Background Subtraction Using Deep Learning – Part II

Published:

This post summarizes my work during week 5-6 of my summer internship.

I finished the training of the model mentioned in the last report. The result was disappointing. Then I modified the model and got a fairly good result. For convenience, I will mention the model mentioned in the last report as Model I, and the modified model as Model II and Model III.

All the training curves and visualization images are created with Tensorboard Toolkit ([1]).

You can get a PDF version of this post from here.

The source code of DL Background Subtraction is available on my Github.

Contents

Part I First experiment

The first experiment is based on Model I. Refer to figure 1.1 as a review of the model.

figure_1_1
Figure 1.1 the model proposed in the last report

1.1 Hardware configuration

As is mentioned in the last report, I use cloud server to run the code. The hardware information is shown in the following table.

table_1_1
Table 1.1 Hardware configuration

1.2 Hyperparameters

In the last report, I mentioned the value of some hyper-parameters, but I modify some of them in my actual experiment. The following results are all based on the new set of parameters. Refer to table 1.2.

table_1_2
Table 1.2 value of hyperparameters

1.3 Experiment result

1.3.1 Training curve

Figure 1.2 shows part of the training curve (from step 5000 to the end).

figure_1_2
Figure 1.2 training curve of Model I (from step 5000 to the end)

It is clear that the cross-entropy loss on training set keeps vibrating within a relatively large range. This result is far from satisfactory. And it is not surprising that the loss on the test set is as high as 0.167.

1.3.2 Image visualization

I select one frame from test set and visualize the output feature map of each layer. Refer to figure 1.3.

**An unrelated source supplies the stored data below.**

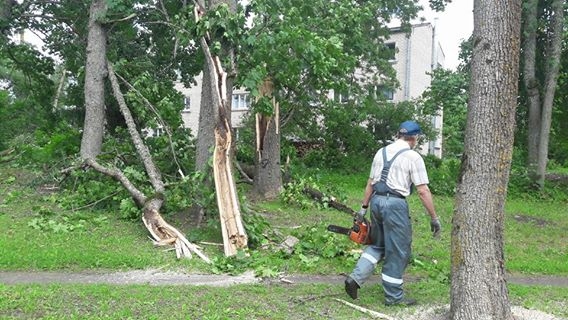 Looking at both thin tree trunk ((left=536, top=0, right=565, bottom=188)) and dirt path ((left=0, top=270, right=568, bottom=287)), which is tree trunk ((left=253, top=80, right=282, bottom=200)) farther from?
thin tree trunk ((left=536, top=0, right=565, bottom=188))

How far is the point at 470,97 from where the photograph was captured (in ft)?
15.7

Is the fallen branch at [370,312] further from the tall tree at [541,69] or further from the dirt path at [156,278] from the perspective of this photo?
the tall tree at [541,69]

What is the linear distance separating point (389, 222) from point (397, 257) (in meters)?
0.35

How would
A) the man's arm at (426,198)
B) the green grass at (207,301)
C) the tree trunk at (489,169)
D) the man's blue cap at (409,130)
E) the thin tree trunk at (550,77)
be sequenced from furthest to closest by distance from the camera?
1. the thin tree trunk at (550,77)
2. the man's blue cap at (409,130)
3. the man's arm at (426,198)
4. the green grass at (207,301)
5. the tree trunk at (489,169)

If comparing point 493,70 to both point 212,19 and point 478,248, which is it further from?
point 212,19

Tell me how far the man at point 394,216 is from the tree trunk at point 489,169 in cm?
64

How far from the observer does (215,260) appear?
6902mm

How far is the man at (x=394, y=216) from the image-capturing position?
17.3 feet

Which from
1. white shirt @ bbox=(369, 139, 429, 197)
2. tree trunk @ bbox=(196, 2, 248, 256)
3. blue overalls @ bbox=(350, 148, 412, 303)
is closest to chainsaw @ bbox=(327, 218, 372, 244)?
blue overalls @ bbox=(350, 148, 412, 303)

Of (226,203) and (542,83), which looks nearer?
(226,203)

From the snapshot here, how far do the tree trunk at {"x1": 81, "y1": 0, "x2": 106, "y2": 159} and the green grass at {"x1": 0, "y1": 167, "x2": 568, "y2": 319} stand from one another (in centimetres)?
157

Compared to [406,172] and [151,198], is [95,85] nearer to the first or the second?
[151,198]

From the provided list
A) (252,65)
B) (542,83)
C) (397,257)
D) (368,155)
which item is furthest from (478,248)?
(368,155)

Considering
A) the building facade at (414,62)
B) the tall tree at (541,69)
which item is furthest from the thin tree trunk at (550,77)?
the building facade at (414,62) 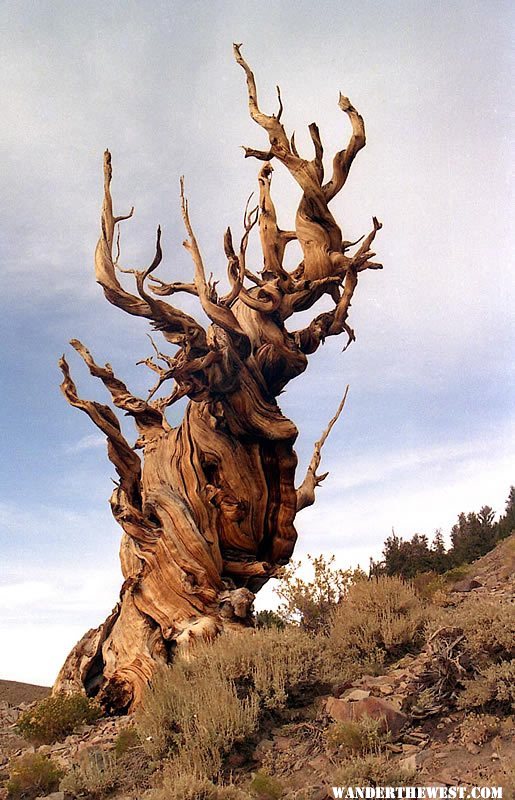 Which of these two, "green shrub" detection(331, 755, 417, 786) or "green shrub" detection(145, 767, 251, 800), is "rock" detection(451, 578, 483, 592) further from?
"green shrub" detection(145, 767, 251, 800)

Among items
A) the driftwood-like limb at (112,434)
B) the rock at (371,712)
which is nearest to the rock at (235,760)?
the rock at (371,712)

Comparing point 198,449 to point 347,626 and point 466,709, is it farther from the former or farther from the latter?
point 466,709

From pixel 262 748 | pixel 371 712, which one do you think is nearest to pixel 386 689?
pixel 371 712

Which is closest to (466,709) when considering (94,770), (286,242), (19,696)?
(94,770)

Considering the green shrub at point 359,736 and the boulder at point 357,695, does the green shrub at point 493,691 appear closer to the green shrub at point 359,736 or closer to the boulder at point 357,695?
the green shrub at point 359,736

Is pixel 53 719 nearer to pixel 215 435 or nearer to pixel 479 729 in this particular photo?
pixel 215 435

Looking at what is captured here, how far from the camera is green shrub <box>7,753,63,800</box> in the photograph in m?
5.67

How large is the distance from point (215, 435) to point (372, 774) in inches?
243

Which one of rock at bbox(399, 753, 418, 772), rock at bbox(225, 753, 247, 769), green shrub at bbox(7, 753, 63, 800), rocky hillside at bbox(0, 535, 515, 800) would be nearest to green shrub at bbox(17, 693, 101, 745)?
rocky hillside at bbox(0, 535, 515, 800)

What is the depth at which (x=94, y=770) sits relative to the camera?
5.46 metres

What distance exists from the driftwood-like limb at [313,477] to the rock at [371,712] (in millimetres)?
5921

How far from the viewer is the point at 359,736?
4754 mm

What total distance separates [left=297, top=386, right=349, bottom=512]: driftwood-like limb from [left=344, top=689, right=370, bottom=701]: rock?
554cm

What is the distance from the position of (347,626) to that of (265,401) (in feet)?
13.2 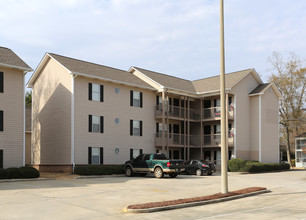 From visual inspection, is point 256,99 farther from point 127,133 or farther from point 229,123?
point 127,133

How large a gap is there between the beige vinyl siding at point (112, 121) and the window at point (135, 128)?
0.35 metres

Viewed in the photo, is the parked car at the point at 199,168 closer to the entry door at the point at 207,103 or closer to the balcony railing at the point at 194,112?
the balcony railing at the point at 194,112

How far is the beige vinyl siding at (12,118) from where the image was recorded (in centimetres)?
2512

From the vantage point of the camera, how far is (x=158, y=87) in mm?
36312

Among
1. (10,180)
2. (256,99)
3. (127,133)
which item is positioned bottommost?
(10,180)

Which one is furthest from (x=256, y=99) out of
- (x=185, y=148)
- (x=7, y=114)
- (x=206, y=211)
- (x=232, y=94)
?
(x=206, y=211)

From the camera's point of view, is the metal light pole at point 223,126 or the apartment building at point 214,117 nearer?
the metal light pole at point 223,126

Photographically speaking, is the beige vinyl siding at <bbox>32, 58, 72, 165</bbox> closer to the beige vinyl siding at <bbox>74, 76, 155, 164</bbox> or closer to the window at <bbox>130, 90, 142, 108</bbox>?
the beige vinyl siding at <bbox>74, 76, 155, 164</bbox>

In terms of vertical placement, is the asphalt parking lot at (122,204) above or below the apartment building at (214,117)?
below

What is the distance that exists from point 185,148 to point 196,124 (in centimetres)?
338

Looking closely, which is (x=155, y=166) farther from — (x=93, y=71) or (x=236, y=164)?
(x=236, y=164)

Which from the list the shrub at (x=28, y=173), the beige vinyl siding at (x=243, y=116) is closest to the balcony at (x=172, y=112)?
the beige vinyl siding at (x=243, y=116)

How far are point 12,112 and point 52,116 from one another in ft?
22.4

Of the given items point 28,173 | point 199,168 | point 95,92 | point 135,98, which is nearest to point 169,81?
point 135,98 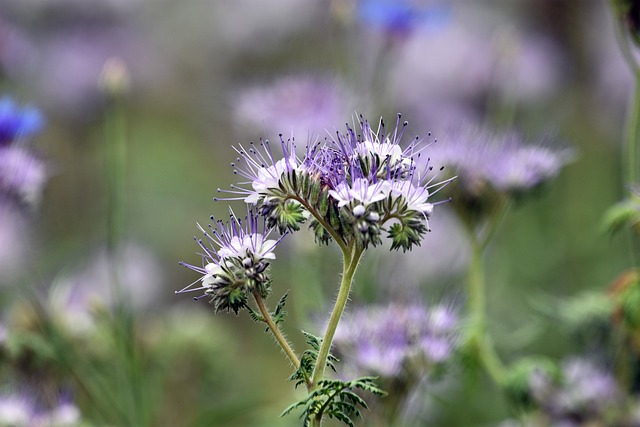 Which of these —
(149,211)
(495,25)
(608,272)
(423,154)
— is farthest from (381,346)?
(495,25)

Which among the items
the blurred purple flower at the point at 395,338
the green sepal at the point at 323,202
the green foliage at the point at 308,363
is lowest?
the green foliage at the point at 308,363

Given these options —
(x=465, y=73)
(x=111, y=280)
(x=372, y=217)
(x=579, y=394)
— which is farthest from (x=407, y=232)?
(x=465, y=73)

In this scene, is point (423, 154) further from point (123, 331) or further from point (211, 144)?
point (211, 144)

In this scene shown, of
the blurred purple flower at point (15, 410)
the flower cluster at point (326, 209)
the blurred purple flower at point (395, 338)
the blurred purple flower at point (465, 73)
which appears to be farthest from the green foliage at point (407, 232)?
the blurred purple flower at point (465, 73)

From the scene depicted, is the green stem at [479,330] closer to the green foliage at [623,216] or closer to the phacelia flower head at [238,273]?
the green foliage at [623,216]

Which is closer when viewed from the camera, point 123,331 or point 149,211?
point 123,331

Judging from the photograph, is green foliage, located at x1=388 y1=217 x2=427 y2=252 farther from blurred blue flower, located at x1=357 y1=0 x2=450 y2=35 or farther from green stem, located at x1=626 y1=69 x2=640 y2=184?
blurred blue flower, located at x1=357 y1=0 x2=450 y2=35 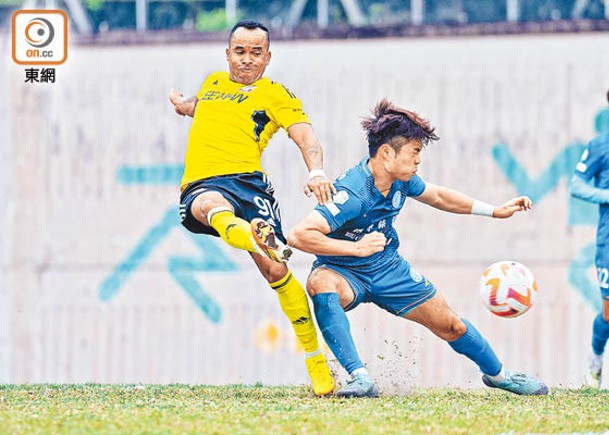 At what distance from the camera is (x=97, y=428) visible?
6.45 metres

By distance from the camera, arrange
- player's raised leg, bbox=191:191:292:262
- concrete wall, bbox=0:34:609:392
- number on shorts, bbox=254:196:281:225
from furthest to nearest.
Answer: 1. concrete wall, bbox=0:34:609:392
2. number on shorts, bbox=254:196:281:225
3. player's raised leg, bbox=191:191:292:262

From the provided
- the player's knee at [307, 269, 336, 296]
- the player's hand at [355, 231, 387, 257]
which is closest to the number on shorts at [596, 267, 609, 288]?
the player's knee at [307, 269, 336, 296]

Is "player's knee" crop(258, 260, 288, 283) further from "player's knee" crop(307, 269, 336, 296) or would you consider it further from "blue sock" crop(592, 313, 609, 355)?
"blue sock" crop(592, 313, 609, 355)

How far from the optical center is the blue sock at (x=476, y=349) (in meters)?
8.85

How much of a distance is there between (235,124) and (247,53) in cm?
52

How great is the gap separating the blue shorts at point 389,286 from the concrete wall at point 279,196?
8419mm

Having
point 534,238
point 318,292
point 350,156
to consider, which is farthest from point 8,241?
point 318,292

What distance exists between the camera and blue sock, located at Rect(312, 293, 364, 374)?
27.6 ft

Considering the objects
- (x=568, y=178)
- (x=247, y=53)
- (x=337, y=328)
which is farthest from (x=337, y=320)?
(x=568, y=178)

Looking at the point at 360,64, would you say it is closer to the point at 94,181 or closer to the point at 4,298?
the point at 94,181

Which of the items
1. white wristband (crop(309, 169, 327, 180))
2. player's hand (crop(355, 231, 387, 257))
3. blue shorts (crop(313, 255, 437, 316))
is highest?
white wristband (crop(309, 169, 327, 180))

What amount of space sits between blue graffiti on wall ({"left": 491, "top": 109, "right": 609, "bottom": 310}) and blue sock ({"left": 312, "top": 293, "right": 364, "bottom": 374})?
930 cm

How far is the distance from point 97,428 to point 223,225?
2068 mm

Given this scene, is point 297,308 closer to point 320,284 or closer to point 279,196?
Result: point 320,284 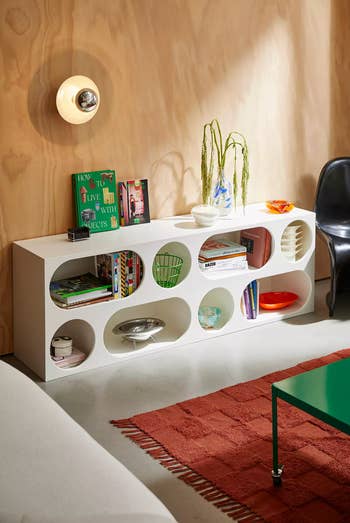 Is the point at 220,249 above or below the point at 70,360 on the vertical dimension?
above

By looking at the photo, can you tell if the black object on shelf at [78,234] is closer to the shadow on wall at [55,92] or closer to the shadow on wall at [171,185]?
the shadow on wall at [55,92]

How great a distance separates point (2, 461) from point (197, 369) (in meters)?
1.85

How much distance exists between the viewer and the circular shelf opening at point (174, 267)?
4.14m

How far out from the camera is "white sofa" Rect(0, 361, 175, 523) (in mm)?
1885

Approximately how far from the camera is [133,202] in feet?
13.9

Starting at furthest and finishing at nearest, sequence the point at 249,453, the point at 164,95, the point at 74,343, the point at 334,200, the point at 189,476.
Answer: the point at 334,200 → the point at 164,95 → the point at 74,343 → the point at 249,453 → the point at 189,476

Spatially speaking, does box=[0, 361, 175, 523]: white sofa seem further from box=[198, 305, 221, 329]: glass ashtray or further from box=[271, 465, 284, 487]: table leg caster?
box=[198, 305, 221, 329]: glass ashtray

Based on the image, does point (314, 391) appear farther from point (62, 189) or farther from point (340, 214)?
point (340, 214)

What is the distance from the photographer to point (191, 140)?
4422mm

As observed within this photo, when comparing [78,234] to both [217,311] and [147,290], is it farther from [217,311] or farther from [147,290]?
[217,311]

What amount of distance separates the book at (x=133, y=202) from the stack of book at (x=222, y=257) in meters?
0.36

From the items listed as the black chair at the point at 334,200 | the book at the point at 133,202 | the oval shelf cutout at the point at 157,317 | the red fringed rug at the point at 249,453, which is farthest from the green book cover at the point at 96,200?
the black chair at the point at 334,200

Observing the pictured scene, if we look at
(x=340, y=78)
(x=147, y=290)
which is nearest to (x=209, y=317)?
(x=147, y=290)

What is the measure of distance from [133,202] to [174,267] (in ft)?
1.34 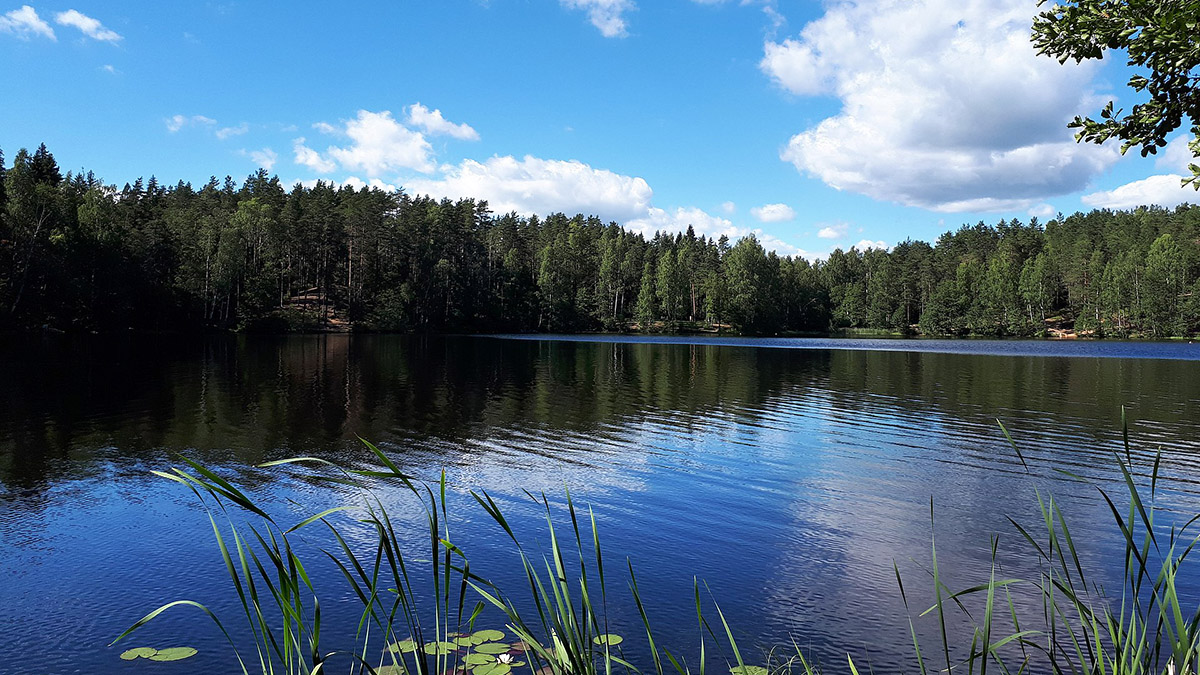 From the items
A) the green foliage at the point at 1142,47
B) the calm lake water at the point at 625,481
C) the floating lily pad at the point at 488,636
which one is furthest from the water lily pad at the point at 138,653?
the green foliage at the point at 1142,47

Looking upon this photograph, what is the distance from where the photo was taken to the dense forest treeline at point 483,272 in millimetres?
77438

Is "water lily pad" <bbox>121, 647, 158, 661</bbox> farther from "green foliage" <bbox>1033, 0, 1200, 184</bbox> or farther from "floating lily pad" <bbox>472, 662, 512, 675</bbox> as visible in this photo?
"green foliage" <bbox>1033, 0, 1200, 184</bbox>

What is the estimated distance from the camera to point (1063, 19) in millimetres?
8484

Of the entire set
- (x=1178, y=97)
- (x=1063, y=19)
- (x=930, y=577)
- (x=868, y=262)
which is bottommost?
(x=930, y=577)

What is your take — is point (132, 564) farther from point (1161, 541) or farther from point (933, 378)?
point (933, 378)

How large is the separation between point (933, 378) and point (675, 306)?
10585cm

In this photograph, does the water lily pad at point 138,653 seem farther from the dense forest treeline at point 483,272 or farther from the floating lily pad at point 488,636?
the dense forest treeline at point 483,272

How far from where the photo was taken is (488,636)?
25.9 feet

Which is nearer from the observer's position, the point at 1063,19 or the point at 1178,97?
the point at 1178,97

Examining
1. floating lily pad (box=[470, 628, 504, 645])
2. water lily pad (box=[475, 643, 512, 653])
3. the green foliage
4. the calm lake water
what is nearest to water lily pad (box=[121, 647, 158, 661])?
the calm lake water

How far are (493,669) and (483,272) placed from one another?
136 m

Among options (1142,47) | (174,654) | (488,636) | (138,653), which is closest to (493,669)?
(488,636)

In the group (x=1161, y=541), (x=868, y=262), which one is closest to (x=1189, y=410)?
(x=1161, y=541)

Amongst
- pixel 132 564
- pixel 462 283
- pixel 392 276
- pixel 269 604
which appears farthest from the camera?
pixel 462 283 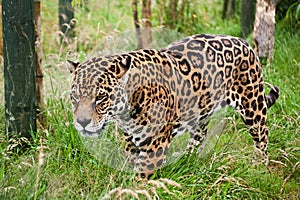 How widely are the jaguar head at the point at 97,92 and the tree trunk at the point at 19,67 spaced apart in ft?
2.35

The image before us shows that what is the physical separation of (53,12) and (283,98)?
5321 mm

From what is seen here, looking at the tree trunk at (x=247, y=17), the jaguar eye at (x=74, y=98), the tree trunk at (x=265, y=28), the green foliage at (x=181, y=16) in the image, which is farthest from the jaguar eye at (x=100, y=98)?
the green foliage at (x=181, y=16)

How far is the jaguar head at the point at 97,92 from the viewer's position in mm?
3746

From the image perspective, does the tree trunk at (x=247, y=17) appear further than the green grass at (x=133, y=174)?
Yes

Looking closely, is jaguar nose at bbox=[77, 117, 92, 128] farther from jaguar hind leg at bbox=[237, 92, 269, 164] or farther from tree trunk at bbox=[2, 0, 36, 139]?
jaguar hind leg at bbox=[237, 92, 269, 164]

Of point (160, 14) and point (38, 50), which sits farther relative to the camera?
point (160, 14)

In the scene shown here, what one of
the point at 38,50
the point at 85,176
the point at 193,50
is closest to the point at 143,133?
the point at 85,176

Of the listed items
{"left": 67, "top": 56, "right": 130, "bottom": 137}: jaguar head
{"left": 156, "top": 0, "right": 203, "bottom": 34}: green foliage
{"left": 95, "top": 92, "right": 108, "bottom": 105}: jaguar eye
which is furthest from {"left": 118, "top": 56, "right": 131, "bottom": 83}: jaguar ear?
{"left": 156, "top": 0, "right": 203, "bottom": 34}: green foliage

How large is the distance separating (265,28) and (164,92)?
9.54ft

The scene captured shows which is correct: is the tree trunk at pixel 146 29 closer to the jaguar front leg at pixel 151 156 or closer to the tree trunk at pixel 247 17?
the tree trunk at pixel 247 17

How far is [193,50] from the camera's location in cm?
455

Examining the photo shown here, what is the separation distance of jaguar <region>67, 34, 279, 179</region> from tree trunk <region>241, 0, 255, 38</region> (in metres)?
3.14

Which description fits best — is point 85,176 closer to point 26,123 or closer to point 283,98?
point 26,123

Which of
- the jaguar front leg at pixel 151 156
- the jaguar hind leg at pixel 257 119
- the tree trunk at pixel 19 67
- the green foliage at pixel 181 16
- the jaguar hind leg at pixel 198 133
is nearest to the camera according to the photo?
the jaguar front leg at pixel 151 156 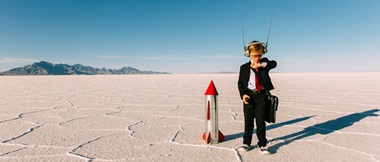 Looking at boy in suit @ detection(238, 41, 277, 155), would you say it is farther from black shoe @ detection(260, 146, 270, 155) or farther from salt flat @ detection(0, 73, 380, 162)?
salt flat @ detection(0, 73, 380, 162)

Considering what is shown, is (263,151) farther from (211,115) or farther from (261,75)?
(261,75)

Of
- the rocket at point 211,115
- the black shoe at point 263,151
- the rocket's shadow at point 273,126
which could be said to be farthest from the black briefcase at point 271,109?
the rocket's shadow at point 273,126

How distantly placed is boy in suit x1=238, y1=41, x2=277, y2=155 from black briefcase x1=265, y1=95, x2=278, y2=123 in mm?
37

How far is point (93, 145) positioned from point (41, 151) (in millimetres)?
444

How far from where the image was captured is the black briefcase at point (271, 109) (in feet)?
7.30

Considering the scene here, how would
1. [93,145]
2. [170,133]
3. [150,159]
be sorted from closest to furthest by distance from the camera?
[150,159] → [93,145] → [170,133]

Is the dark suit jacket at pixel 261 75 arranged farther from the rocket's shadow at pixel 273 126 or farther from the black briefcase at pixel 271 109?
the rocket's shadow at pixel 273 126

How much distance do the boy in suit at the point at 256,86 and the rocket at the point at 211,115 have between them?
259 mm

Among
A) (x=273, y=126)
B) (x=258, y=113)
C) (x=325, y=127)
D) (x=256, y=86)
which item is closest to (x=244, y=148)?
(x=258, y=113)

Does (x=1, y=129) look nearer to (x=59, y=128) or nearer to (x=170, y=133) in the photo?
(x=59, y=128)

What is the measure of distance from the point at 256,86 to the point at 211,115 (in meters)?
0.49

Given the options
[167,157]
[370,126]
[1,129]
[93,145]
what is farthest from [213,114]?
[1,129]

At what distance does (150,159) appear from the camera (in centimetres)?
216

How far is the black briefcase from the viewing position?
2227 mm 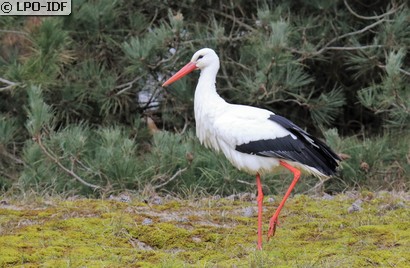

In the output feature map of sigmoid activation, the activated region is approximately the same as ground truth, which means that the training does work. But after 10000 steps of iteration, the crossentropy loss is still vibrating on the training set and remains pretty high on the test set. Based on these analyses, we can come to the conclusion that the training samples are too few for the loss function to converge to the global minimum. Therefore, parameter-reduction is needed.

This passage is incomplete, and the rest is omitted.